--- /dev/null
+
+LFSCK: an online file system checker for Lustre
+===============================================
+
+LFSCK is an online tool to scan, check and repair a Lustre file system that can
+be used with a file system that is mounted and in use. It checks for a large
+variety of inconsistencies between meta data targets (MDTs) and object storage
+targets (OSTs) and provides automatic correction where possible.
+
+LFSCK does not check consistency of the on-disk format and assumes that it is
+consistent. For ldiskfs, e2fsck from e2fsprogs should be used to ensure the on
+disk format is consistent. ZFS is designed to always have a valid on-disk
+structure and as a result, no 'fsck' is necessary.
+
+
+Quick usage instructions
+===============================================
+
+- start a standard scan
+
+LFSCK only runs on an MDS, and starts scanning automatically if an
+inconsistency is detected when the MDT service is started. The scan can be
+started manually on a running MDT using the command:
+
+# lctl lfsck_start --type namespace --type layout -M testfs-MDT0000
+
+- reviewing the status of lfsck
+
+lfsck only provides status from a MDS.
+
+# lctl get_param -n mdd.lustre-MDT0000.lfsck_namespace
+
+- stop a lfsck scan
+
+# lctl lfsck_stop -M lustre-MDT0000
+
+
+Features
+===============================================
+
+* online scanning.
+* control of scanning rate.
+* automatic checkpoint recovery of an interrupted scan.
+* reconstruciton of the FID-to-inode mapping after a file level restore or 1.8
+ upgrade
+* fixing FID-in-Dirent name entry to be consistent with the FID in the inode
+ LMA.
+* detection and repair including:
+ * MDT-OST inconsistencies, including:
+ * dangling references.
+ * unreferenced OST objects.
+ * mismatched references.
+ * multiple references.
+* monitoring using proc and lctl interfaces.
+
+
+/proc entries
+===============================================
+
+Information about lfsck can be found in
+/proc/fs/lustre/mdd/<fsname>-<mdt>/lfsck_{namespace,layout}
+
+
+LFSCK master slave design
+===============================================
+
+The LFSCK master engine resides on the MDT, and is implemented as a kernel
+thread in the LFSCK layer.
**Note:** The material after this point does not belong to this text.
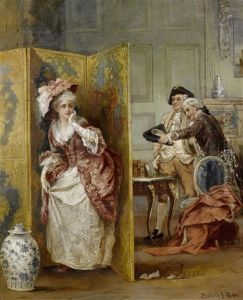 Interieurszene Mit Einer Dame Und Zwei Herren by Laslett John Pott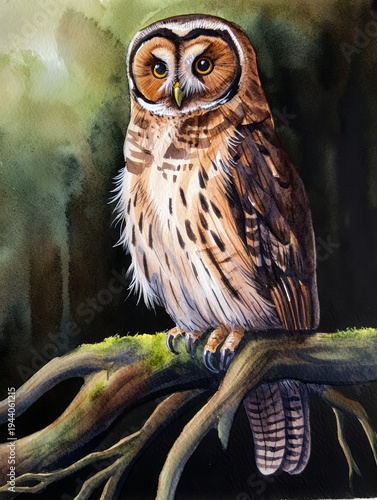 Watercolor Painting of a Barred Owl Perched on a Mossy Branch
The master engine is responsible for scanning on the
+MDT and also controls slave engines on OSTs. Scanning on both MDTs and OSTs
+occurs in two stages. These stages are firstly consistency check and repair and
+secondly orphan identification and processing.
+
+1. The master engine is started either by the user space command or an
+excessive number of MDT-OST inconsistency events are detected. On starting, the
+master engine sends RPCs to related OSTs to start the slave engines.
+
+2. The master engine on the MDS scans the MDT device using namespace iteration
+(described below). For each striped file, it calls the registered LFSCK process
+handlers to perform the relevant system consistency check/repair, which is are
+enumerated in the 'features' section. All objects on OSTs that are never
+referenced during this scan (because, for example, they are orphans) are
+recorded in an OST orphan object index on each OST.
+
+3. After the MDT completes first-stage system scanning, the master engine sends
+RPCs to OSTs that have relations to the MDT, to make the OST begin scanning.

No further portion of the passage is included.